Я позволю покрыть меня поцелуями. Я разрешу им успокоить меня, укачать в своих объятиях. Дам им напоить меня горячим какао с печеньем, за то, что я такой храбрый мальчик…
Я позволю все, если только там окажется их дом, а не эти тесные бесконечные ряды облезших, прогнивших насквозь коттеджей.
И на самом краю, осмотрев распахнувшуюся панораму: скопище ветхих, неизвестно как еще стоявших полуразрушенных домов, я понял, что мир внезапно стал пугающим, жестоким и убедительным, как мультфильмы для взрослых, которые мне запрещали смотреть.
Когда Сара вошла в полицейский участок, я поднял такой крик, что смолкло все вокруг, кроме уверенного цокота ее острых высоких каблуков, направляющихся ко мне.
Я вцепился в офицера, который души во мне не чаял: показал мне, как пользоваться рацией, купил мне шоколадное мороженое и дал поносить фуражку, после того как я позволил разобраться со своими ссадинами.
— Твоя мамуля пришла за тобой.
Он подтолкнул меня к ней. Все заговорили обо мне. Они разговаривали где-то наверху, как на втором этаже, здесь же, на первом — детском, этаже я ощущал исходящий от нее сильный запах духов, совсем не похожий на аромат чистого белья, окружавший мою маму.
Я вцепился еще крепче в полисмена, прячась за его темно-синие брюки.
— Ты же, наверное, хочешь домой, к мамочке, — сказал он, посмотрев на меня сверху. Я затряс головой «нет, не хочу».
— Он просто стесняется, — пояснила она. — Пойдем к маме.
Я повернулся к ней. Она улыбалась и подмигивала, протягивая мне тонкую загорелую руку с длинными красными ногтями.
Я не сразу отпустил брюки полисмена и протянул залепленную пластырем ладошку, перепачканную шоколадным мороженым, похожим на засохшую кровь.

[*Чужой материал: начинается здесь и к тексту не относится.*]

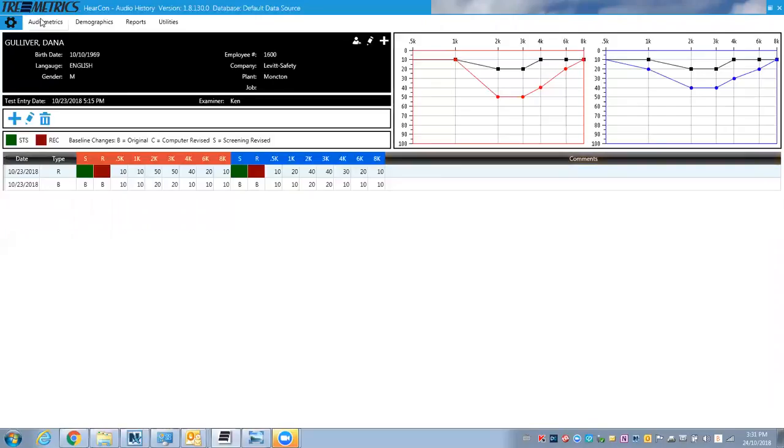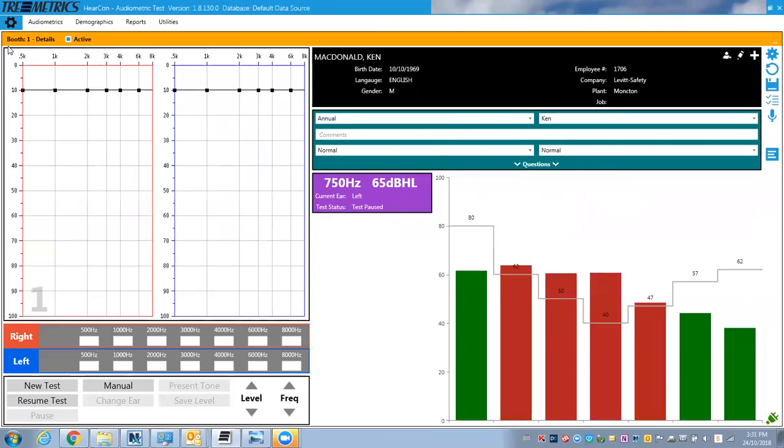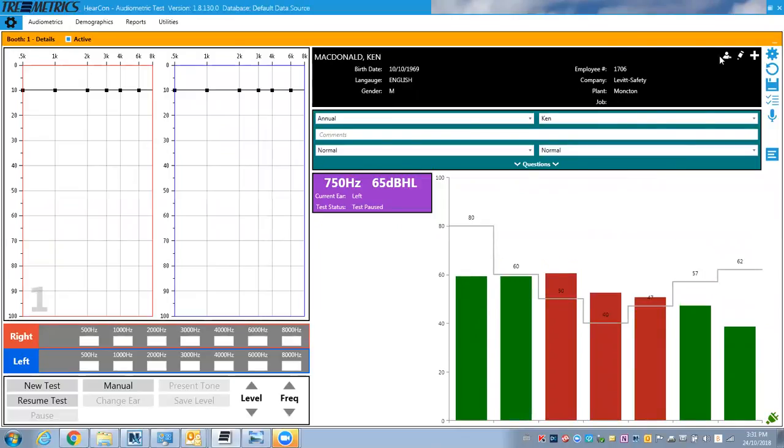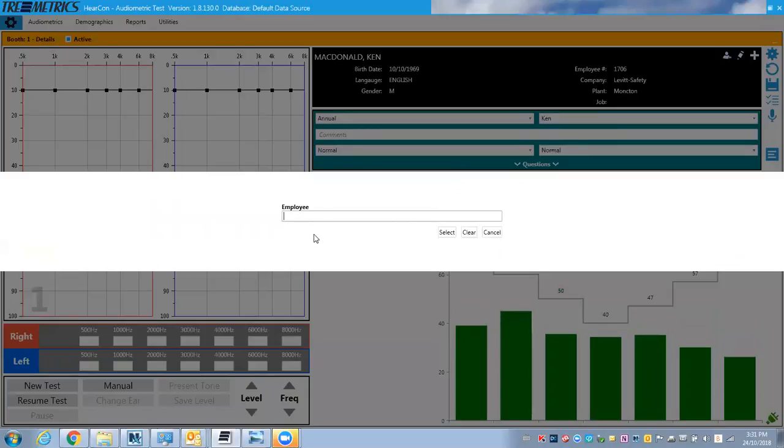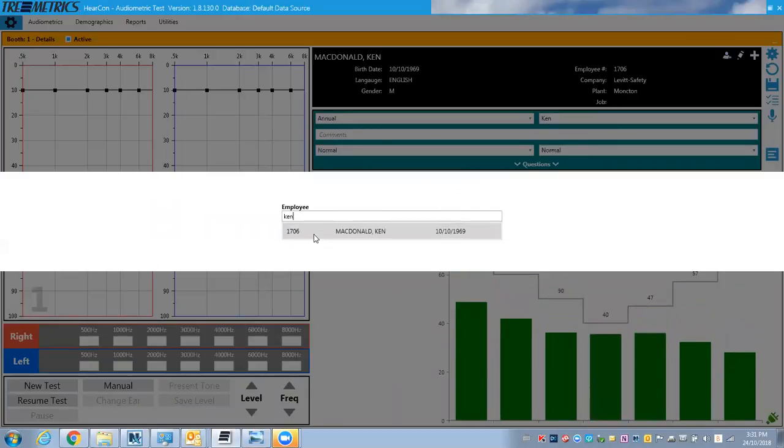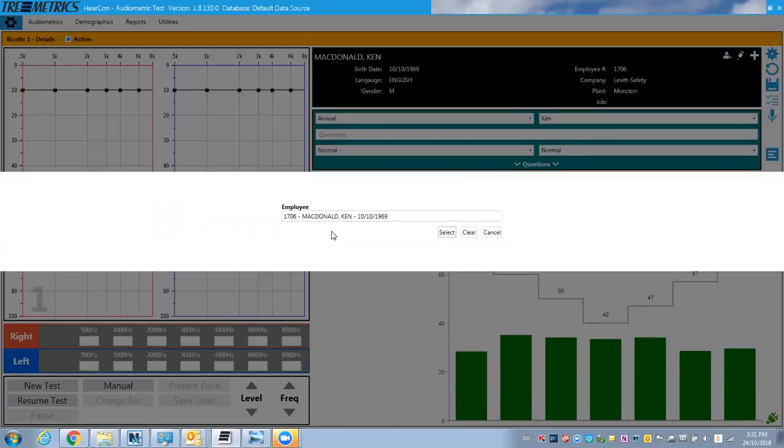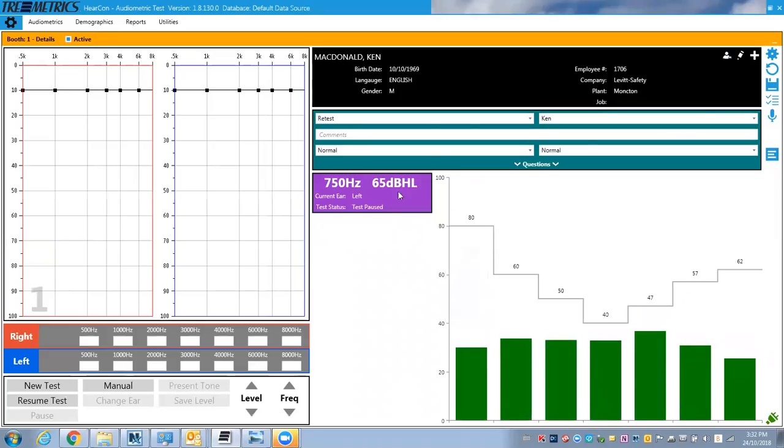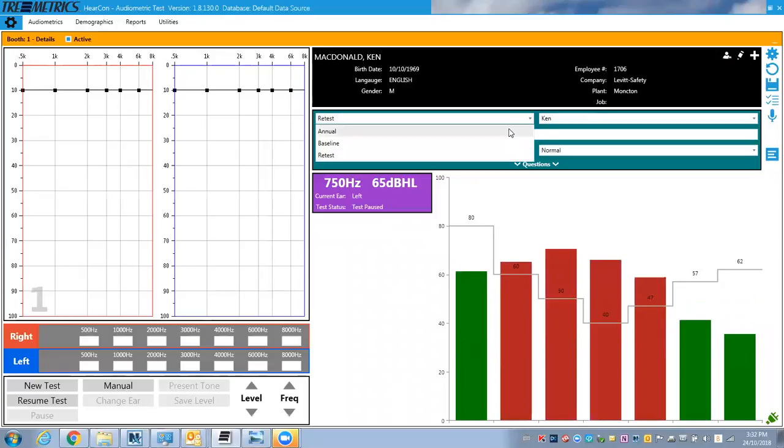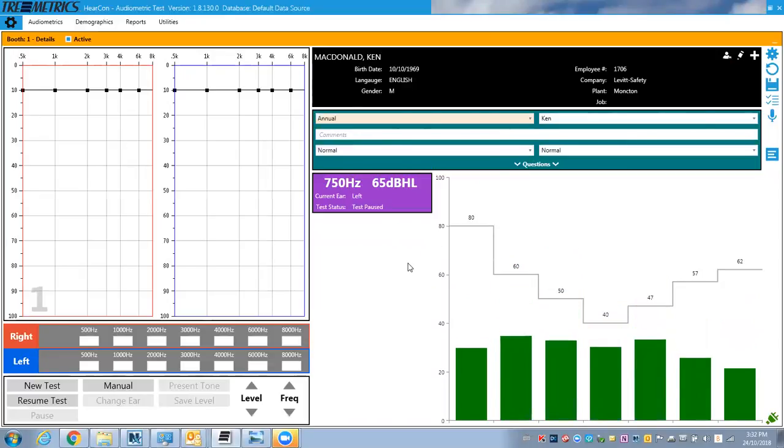So let's go and actually show you how a test is performed. So if I want to switch to someone else, which I'll set it to me, and I'll set it for an annual.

— Хороший мальчуган. — Офицер погладил меня по головке.
Я позволил отвести себя сквозь залитый неоновым светом полицейский участок, все это время не отрывая взгляда от полисмена, который с улыбкой помахал мне вослед. Я словно предчувствовал, что никогда уже не увижу полицию такой: доброй и выручающей, в этом магическом, оберегающем свете…
Она лишь кивает, выпуская дым из окошка, пока мы выезжаем с территории полицейского участка.
— Отвези меня домой, — твердил я снова и снова. Она только смотрела перед собой. Проводя ладонью по лбу, словно пытаясь разгладить на нем складки.